→ **Information shown**:
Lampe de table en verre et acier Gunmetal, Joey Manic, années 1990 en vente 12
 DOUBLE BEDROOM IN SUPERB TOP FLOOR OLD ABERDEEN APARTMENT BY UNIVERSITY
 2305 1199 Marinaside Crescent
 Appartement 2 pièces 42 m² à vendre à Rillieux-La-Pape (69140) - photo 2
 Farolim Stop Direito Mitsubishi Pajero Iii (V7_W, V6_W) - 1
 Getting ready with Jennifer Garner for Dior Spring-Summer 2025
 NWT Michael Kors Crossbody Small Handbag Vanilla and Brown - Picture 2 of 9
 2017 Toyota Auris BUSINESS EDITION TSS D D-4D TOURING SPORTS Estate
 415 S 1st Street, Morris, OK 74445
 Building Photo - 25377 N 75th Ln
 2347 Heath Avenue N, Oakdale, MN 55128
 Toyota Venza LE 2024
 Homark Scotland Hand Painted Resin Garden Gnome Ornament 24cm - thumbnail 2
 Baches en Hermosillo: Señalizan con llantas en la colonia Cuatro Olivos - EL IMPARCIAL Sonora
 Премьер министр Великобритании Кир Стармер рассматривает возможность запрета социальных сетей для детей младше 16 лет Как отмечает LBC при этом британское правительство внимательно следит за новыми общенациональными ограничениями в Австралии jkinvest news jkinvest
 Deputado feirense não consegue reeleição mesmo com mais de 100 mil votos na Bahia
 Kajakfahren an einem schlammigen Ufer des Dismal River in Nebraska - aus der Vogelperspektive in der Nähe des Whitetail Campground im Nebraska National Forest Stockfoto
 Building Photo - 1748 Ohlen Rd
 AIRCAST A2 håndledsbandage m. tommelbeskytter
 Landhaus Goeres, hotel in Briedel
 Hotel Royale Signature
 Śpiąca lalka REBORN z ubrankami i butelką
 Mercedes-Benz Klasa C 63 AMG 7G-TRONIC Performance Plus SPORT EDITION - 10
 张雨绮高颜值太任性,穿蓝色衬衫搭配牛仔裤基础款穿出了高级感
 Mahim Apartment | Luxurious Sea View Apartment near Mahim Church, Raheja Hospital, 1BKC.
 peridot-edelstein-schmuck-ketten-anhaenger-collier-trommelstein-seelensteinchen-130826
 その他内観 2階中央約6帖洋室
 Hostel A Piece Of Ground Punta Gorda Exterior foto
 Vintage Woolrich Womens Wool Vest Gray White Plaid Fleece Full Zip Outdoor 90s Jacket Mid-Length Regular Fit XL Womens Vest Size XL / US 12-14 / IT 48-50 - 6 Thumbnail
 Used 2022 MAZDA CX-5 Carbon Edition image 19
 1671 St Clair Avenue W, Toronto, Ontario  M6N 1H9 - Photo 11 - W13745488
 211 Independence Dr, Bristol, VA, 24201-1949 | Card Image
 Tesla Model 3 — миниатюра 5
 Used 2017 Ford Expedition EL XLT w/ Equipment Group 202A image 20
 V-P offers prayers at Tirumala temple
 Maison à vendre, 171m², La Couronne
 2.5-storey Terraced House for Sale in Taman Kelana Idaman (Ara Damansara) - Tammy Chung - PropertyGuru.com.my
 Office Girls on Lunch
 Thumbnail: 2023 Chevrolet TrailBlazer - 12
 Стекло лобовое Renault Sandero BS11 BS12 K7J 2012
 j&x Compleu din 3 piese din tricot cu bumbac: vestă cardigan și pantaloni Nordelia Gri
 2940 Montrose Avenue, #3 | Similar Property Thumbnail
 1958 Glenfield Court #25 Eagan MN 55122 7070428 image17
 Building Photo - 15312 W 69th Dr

→ **Exercise**: The data above must be repeated in its entirety, exactly as given.

→ **Exercise response**:
Lampe de table en verre et acier Gunmetal, Joey Manic, années 1990 en vente 12
 DOUBLE BEDROOM IN SUPERB TOP FLOOR OLD ABERDEEN APARTMENT BY UNIVERSITY
 2305 1199 Marinaside Crescent
 Appartement 2 pièces 42 m² à vendre à Rillieux-La-Pape (69140) - photo 2
 Farolim Stop Direito Mitsubishi Pajero Iii (V7_W, V6_W) - 1
 Getting ready with Jennifer Garner for Dior Spring-Summer 2025
 NWT Michael Kors Crossbody Small Handbag Vanilla and Brown - Picture 2 of 9
 2017 Toyota Auris BUSINESS EDITION TSS D D-4D TOURING SPORTS Estate
 415 S 1st Street, Morris, OK 74445
 Building Photo - 25377 N 75th Ln
 2347 Heath Avenue N, Oakdale, MN 55128
 Toyota Venza LE 2024
 Homark Scotland Hand Painted Resin Garden Gnome Ornament 24cm - thumbnail 2
 Baches en Hermosillo: Señalizan con llantas en la colonia Cuatro Olivos - EL IMPARCIAL Sonora
 Премьер министр Великобритании Кир Стармер рассматривает возможность запрета социальных сетей для детей младше 16 лет Как отмечает LBC при этом британское правительство внимательно следит за новыми общенациональными ограничениями в Австралии jkinvest news jkinvest
 Deputado feirense não consegue reeleição mesmo com mais de 100 mil votos na Bahia
 Kajakfahren an einem schlammigen Ufer des Dismal River in Nebraska - aus der Vogelperspektive in der Nähe des Whitetail Campground im Nebraska National Forest Stockfoto
 Building Photo - 1748 Ohlen Rd
 AIRCAST A2 håndledsbandage m. tommelbeskytter
 Landhaus Goeres, hotel in Briedel
 Hotel Royale Signature
 Śpiąca lalka REBORN z ubrankami i butelką
 Mercedes-Benz Klasa C 63 AMG 7G-TRONIC Performance Plus SPORT EDITION - 10
 张雨绮高颜值太任性,穿蓝色衬衫搭配牛仔裤基础款穿出了高级感
 Mahim Apartment | Luxurious Sea View Apartment near Mahim Church, Raheja Hospital, 1BKC.
 peridot-edelstein-schmuck-ketten-anhaenger-collier-trommelstein-seelensteinchen-130826
 その他内観 2階中央約6帖洋室
 Hostel A Piece Of Ground Punta Gorda Exterior foto
 Vintage Woolrich Womens Wool Vest Gray White Plaid Fleece Full Zip Outdoor 90s Jacket Mid-Length Regular Fit XL Womens Vest Size XL / US 12-14 / IT 48-50 - 6 Thumbnail
 Used 2022 MAZDA CX-5 Carbon Edition image 19
 1671 St Clair Avenue W, Toronto, Ontario  M6N 1H9 - Photo 11 - W13745488
 211 Independence Dr, Bristol, VA, 24201-1949 | Card Image
 Tesla Model 3 — миниатюра 5
 Used 2017 Ford Expedition EL XLT w/ Equipment Group 202A image 20
 V-P offers prayers at Tirumala temple
 Maison à vendre, 171m², La Couronne
 2.5-storey Terraced House for Sale in Taman Kelana Idaman (Ara Damansara) - Tammy Chung - PropertyGuru.com.my
 Office Girls on Lunch
 Thumbnail: 2023 Chevrolet TrailBlazer - 12
 Стекло лобовое Renault Sandero BS11 BS12 K7J 2012
 j&x Compleu din 3 piese din tricot cu bumbac: vestă cardigan și pantaloni Nordelia Gri
 2940 Montrose Avenue, #3 | Similar Property Thumbnail
 1958 Glenfield Court #25 Eagan MN 55122 7070428 image17
 Building Photo - 15312 W 69th Dr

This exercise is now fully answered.